Opposition activists said the explosion came after security forces opened fire on a funeral procession in the town, killing at least 20 people.
Mr. Ghalioun, a Sunni Muslim from the city of Homs -- the epicenter of the antigovernment movement -- faced off in the opposition vote against George Sabra, a Christian council member whose presidential prospects many in the SNC had hoped would reassure Syria's religious minorities.
Messrs. Ghalioun and Sabra didn't respond to requests to comment. Mr. Ghalioun, in a televised interview on Tuesday, said the council would continue to work to represent Syria's patchwork of ethnic and religious groups.
Even before Mr. Ghalioun's re-election, disagreements within the SNC, and broader rifts among opposition groups led the Arab League to postpone a conference in Cairo this week to again try to unite the opposition.

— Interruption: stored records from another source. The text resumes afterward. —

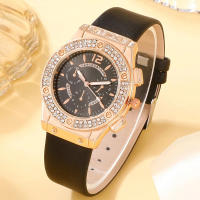 Reloj De Cuarzo Para Mujer 2PCS Set Rosa Lujo Con Rhinestone Y Pulsera De Cristal Reloj De Mano De Moda Y Casual Con Cierre De Hebilla - details 6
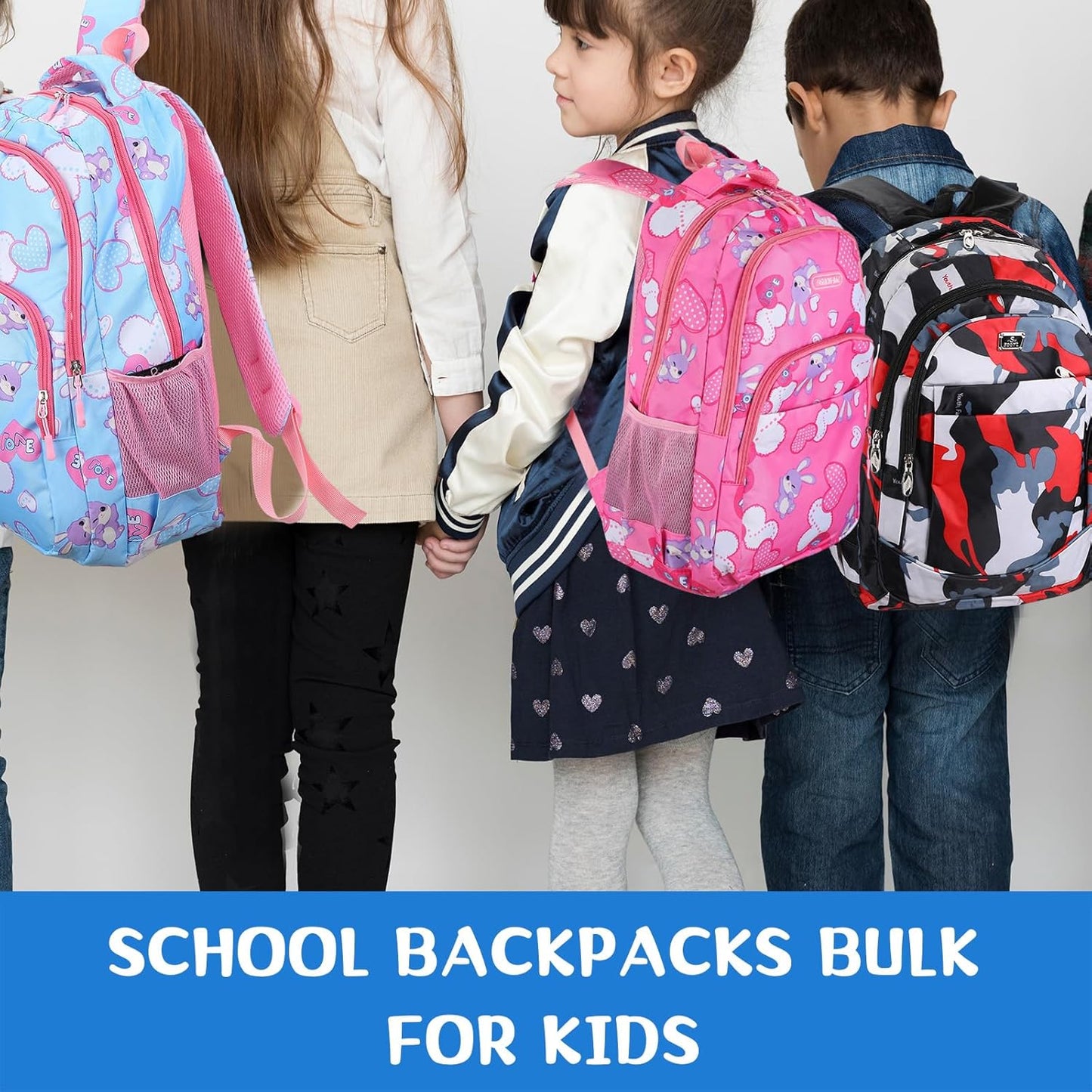 PerKoop 8 Pieces Backpacks Boys and Girls 17 Inch School Bag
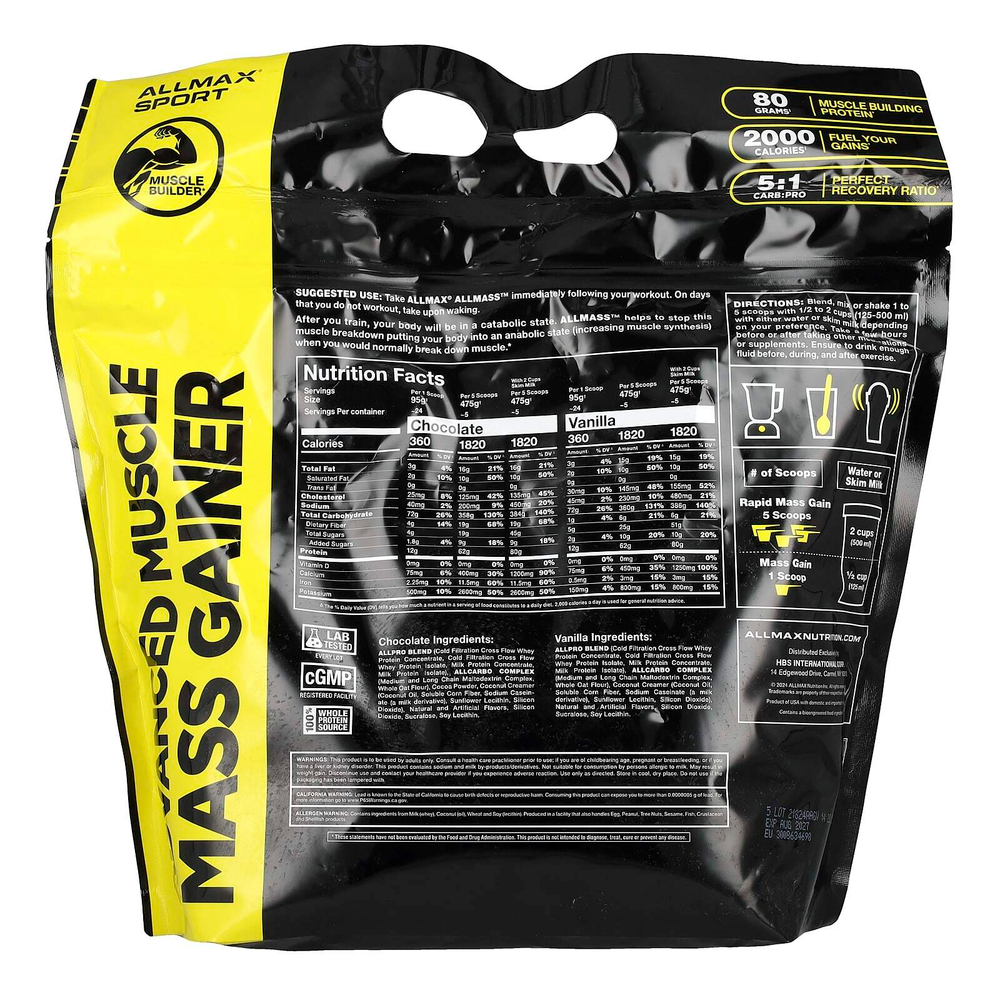 ALLMAX, Sport, ALLMASS ™, средство для наращивания мышечной массы, ваниль, 2,27 кг (5 фунтов)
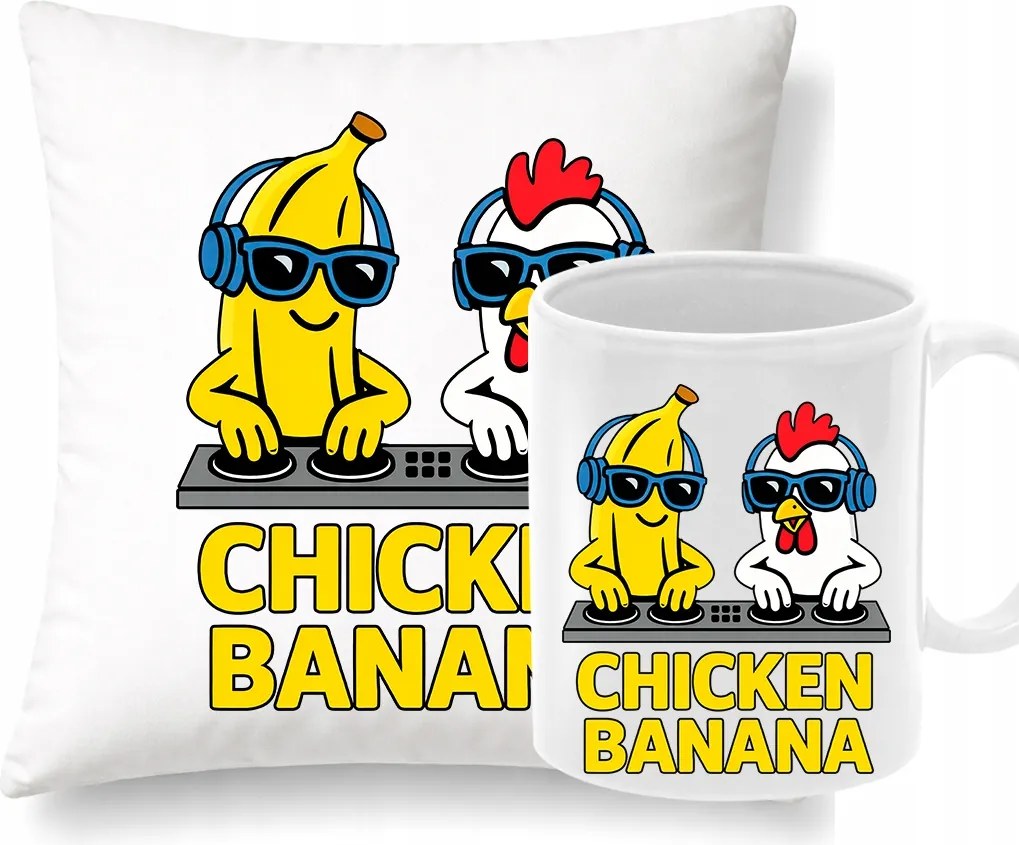 Párna Bögre Szett Chicken Banán Vicces Nyomtatás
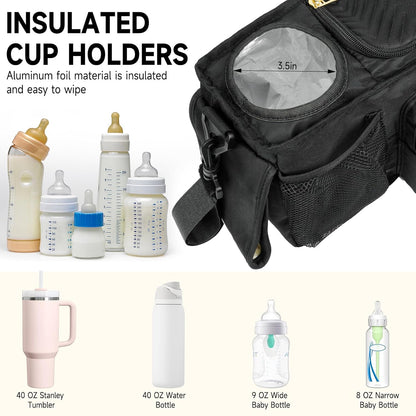 Universal Stroller Organizer with Insulated Cup Holders,Large Capacity Non-Slip Stroller Caddy Bag Fits for Uppababy/Doona/Jogger/Britax/Mompush/BoB with Anti-Sag Hard Bottom and Wet Wipes Pocket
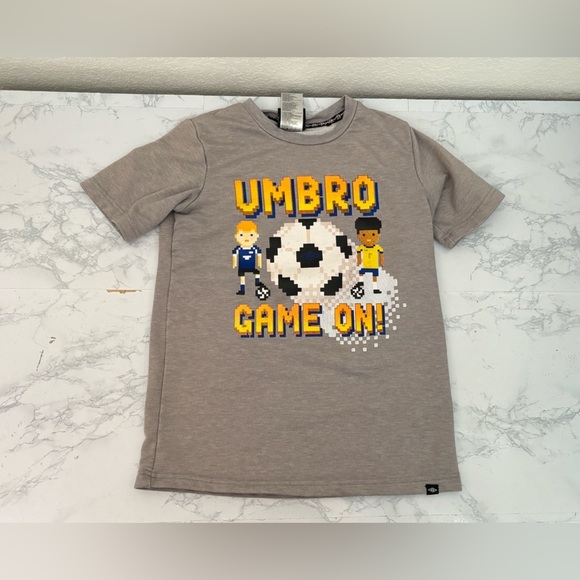 Umbro Other - Umbro Boys Training Short Sleeve Shirt Size Medium Vtg Knit Lined Gray Soccer​​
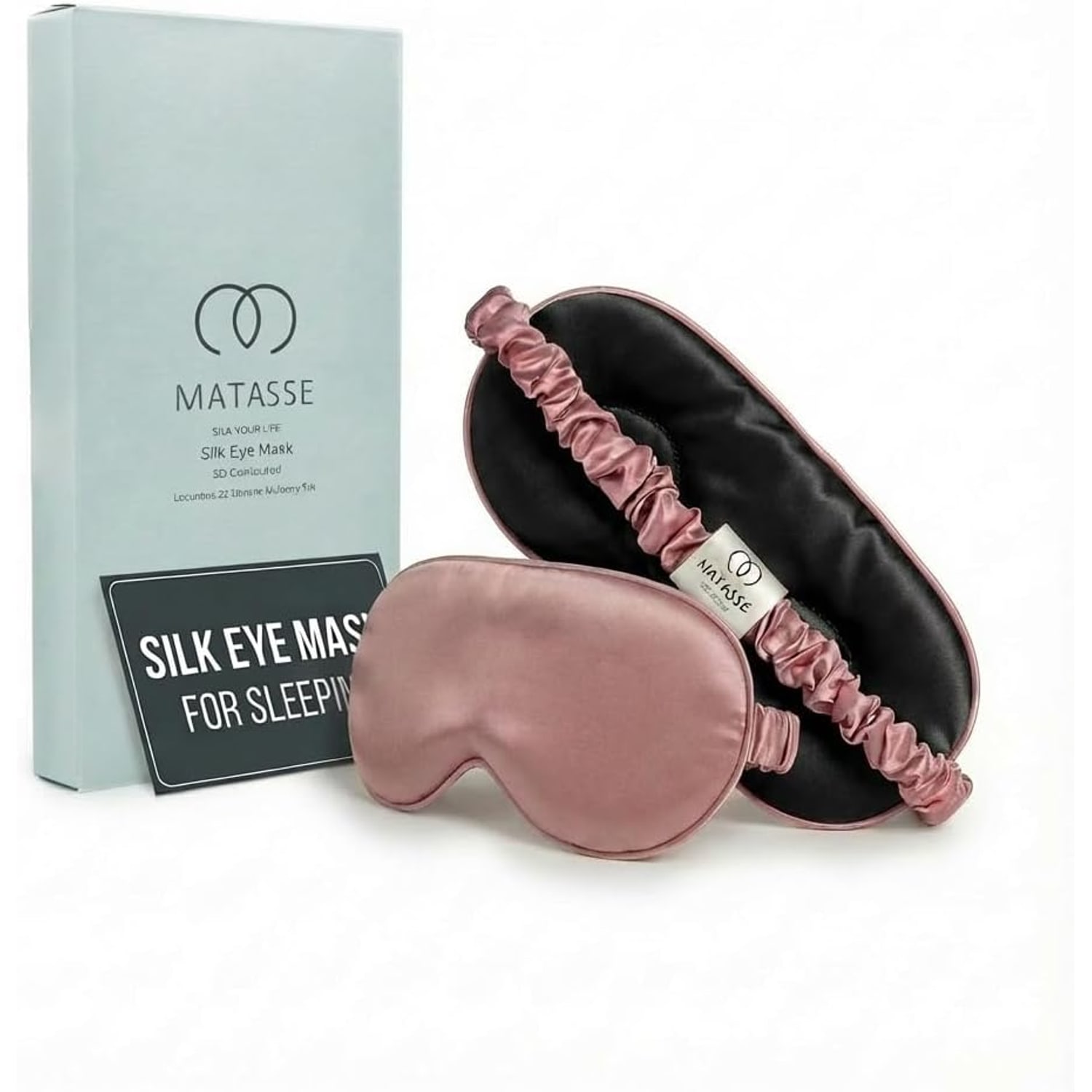 Pink and Black 22 Momme Contoured Silk Sleep Mask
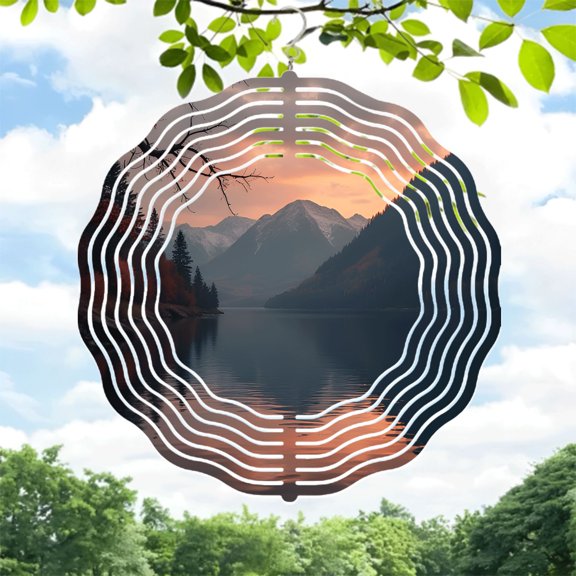 Serene Mountain Landscape Metal Wind Spinner - Snow - Capped Peaks & Calm Lake Design for Yard & Garden Decor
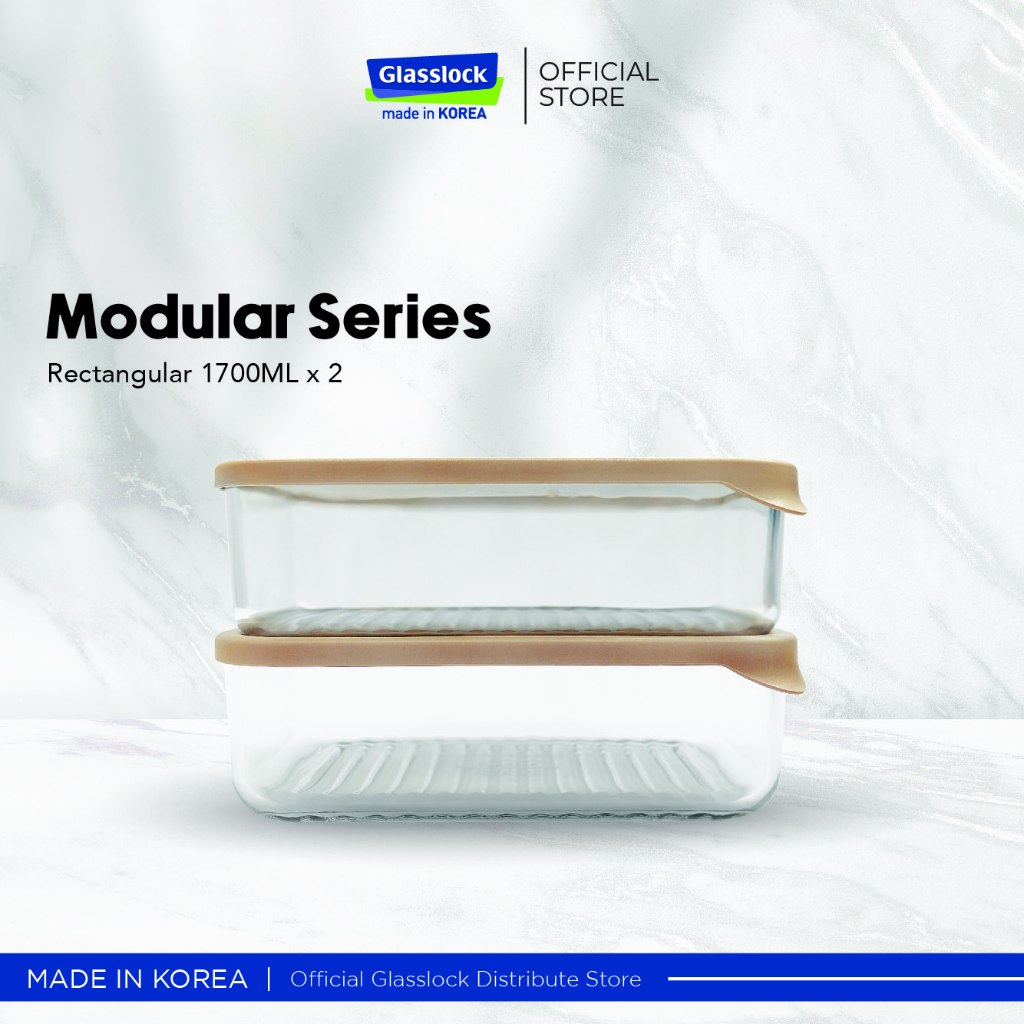(Microwave Safe)Glasslock Modular Series Food Container Bekas Kaca ...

Across the country for weeks, some activists have brandished signs saying "The SNC does not represent me," criticizing the political infighting that has seen some of Syria's top dissidents walk away from the group.
Some members who have split from the council protest what they call a monopoly on influence by the Muslim Brotherhood, one of the SNC's seven political factions.
The Brotherhood is allied with Mr. Ghalioun in a power-sharing agreement that these critics say places Mr. Ghalioun as the secular, liberal front for an Islamist-dominated opposition.
"The SNC is a corpse, which the entire international community is desperately trying to resuscitate," said Fawaz Tello, a veteran opposition figure who left Syria this year to work with the Istanbul- and Paris-based body.
Mr. Tello said he planned to resign from the council Tuesday, saying it had failed to restructure to become more inclusive, transparent and democratic.
The SNC's fragile standing has hurt international efforts to mold the body into the type of transitional council with accountable leadership and street credibility that governments would feel more comfortable supporting.
The perceived leadership gap has allowed for other networks of both peaceful and armed activists to develop across Syria, with their own patrons abroad. Recent bombings have put the more peaceful movements at risk of being hijacked by extremists.
In Binnish, a restive town near the border with Turkey, some protesters on Tuesday chanted against "those protesting in hotels" -- a reference to the SNC's members, mostly Syrians who have long lived in exile for their political views.
Those activists have spent the past year lobbying Western and Arab governments for funds, arms and political support -- with little success beyond recognition as an umbrella group for the opposition, many SNC members say.
This kind of discord within the opposition movement threatens international efforts to stem the violence and find a way out of the conflict.
Most Western governments are now focused on a U.N.-backed peace plan that calls for a political settlement between President Bashar al-Assad and his opponents.
But disputes in the opposition -- as well as ceasefire violations by the regime -- appear to prevent any attempt to bring the two sides closer to an agreement, while Syria's government also continues to crack down on political opponents while making gestures at changes.
On Tuesday, it announced a 51% voter turnout in parliamentary elections held last week as the country's first multiparty vote in five decades, a vote the opposition had boycotted.